Backblaze is a backup and cloud storage company that has been tracking the annualized failure rates (AFRs) of the hard drives in its datacenter since 2013. As you can imagine, that’s netted the firm a lot of data. And that data has led the company to conclude that HDDs “are lasting longer” and showing fewer errors.

That conclusion came from a blog post this week by Stephanie Doyle, Backblaze’s writer and blog operations specialist, and Pat Patterson, Backblaze’s chief technical evangelist. The authors compared the AFRs for the approximately 317,230 drives in Backblaze’s datacenter to the AFRs the company recorded when examining the 21,195 drives it had in 2013 and 206,928 drives in 2021. Doyle and Patterson said they identified “a pretty solid deviation in both age of drive failure and the high point of AFR from the last two times we’ve run the analyses.”


Credit: Backblaze

As Doyle and Patterson wrote, the tested drives’ high failure percentage peaks this year were 4.25 percent at 10 years and three months, compared to 13.73 percent at about three years and three months in 2013 and 14.24 percent at seven years and nine months in 2021.
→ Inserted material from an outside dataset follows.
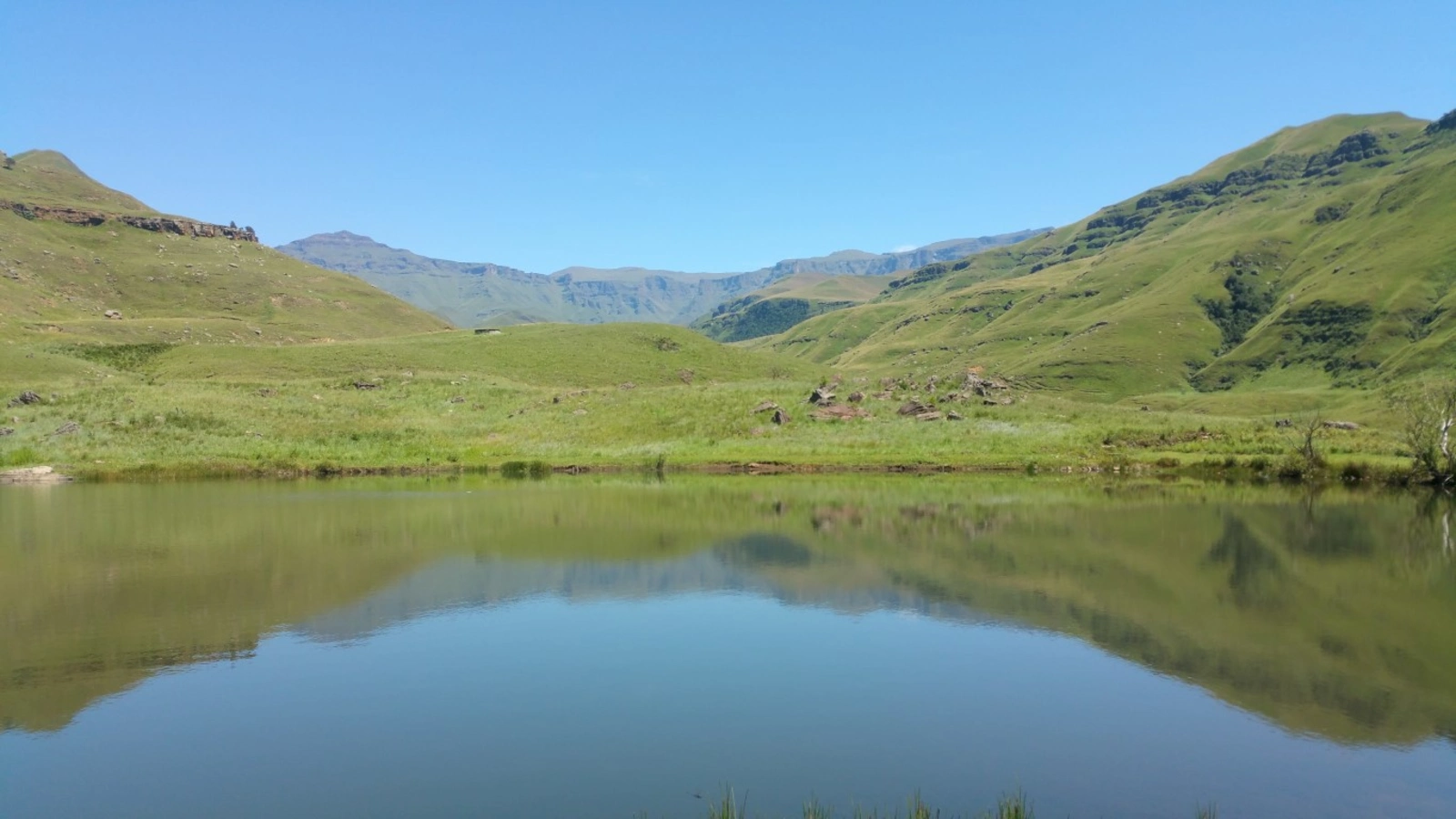 Lotheni Nature Reserve, Afrique du Sud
“Not only is that a significant improvement in drive longevity, it’s also the first time we’ve seen the peak drive failure rate at the hairy end of the drive curve. And, it’s about a third of each of the other failure peaks,” Doyle and Patterson wrote.

You can check out Paterson and Doyle’s August blog post for more information about the drives they analyzed this year. The drives were from HGST, Seagate, Toshiba, and WDC, and they had an average age of 3.7 months to 103.9 months (about 8.7 years). The drives ranged from 4TB to 24TB. In 2021, Backblaze’s sample had drives from the same vendors, and the drives tested for each model had an average age of 3.57 to 80.85 months (about 6.7 years). The drives ranged from 4TB to 16TB.
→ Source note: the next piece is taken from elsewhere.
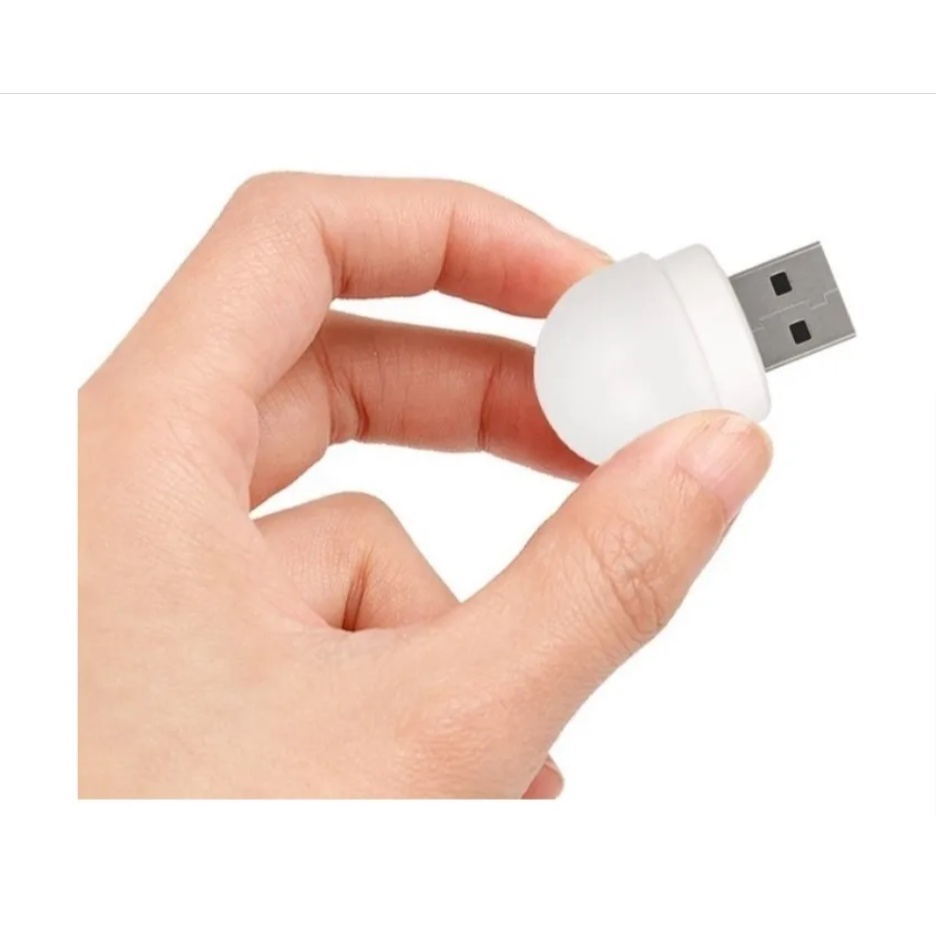 Kyfreshpower Lampada LED USB Flessibile - Luce Notturna Portatile Per PC, Power Bank, 8 LED, Colore Nero - Foto 10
As Backblaze has done in the past, Doyle and Paterson compared the behaviors of Backblaze’s datacenter HDDs with the bathtub curve, an engineering principle that says component failure rates tend to follow a U-shape over time, with more failures occurring early in life before the rate drops, settles, and then picks up again as the component ages.

But as seen in Backblaze’s graph above, the company’s HDDs aren’t adhering to that principle. The blog’s authors noted that in 2021 and 2025, Backblaze’s drives had a “pretty even failure rate through the significant majority of the drives’ lives, then a fairly steep spike once we get into drive failure territory.”

The blog continues:

What does that mean? Well, drives are getting better, and lasting longer. And, given that our trendlines are about the same shape from 2021 to 2025, we should likely check back in when 2029 rolls around to see if our failure peak has pushed out even further.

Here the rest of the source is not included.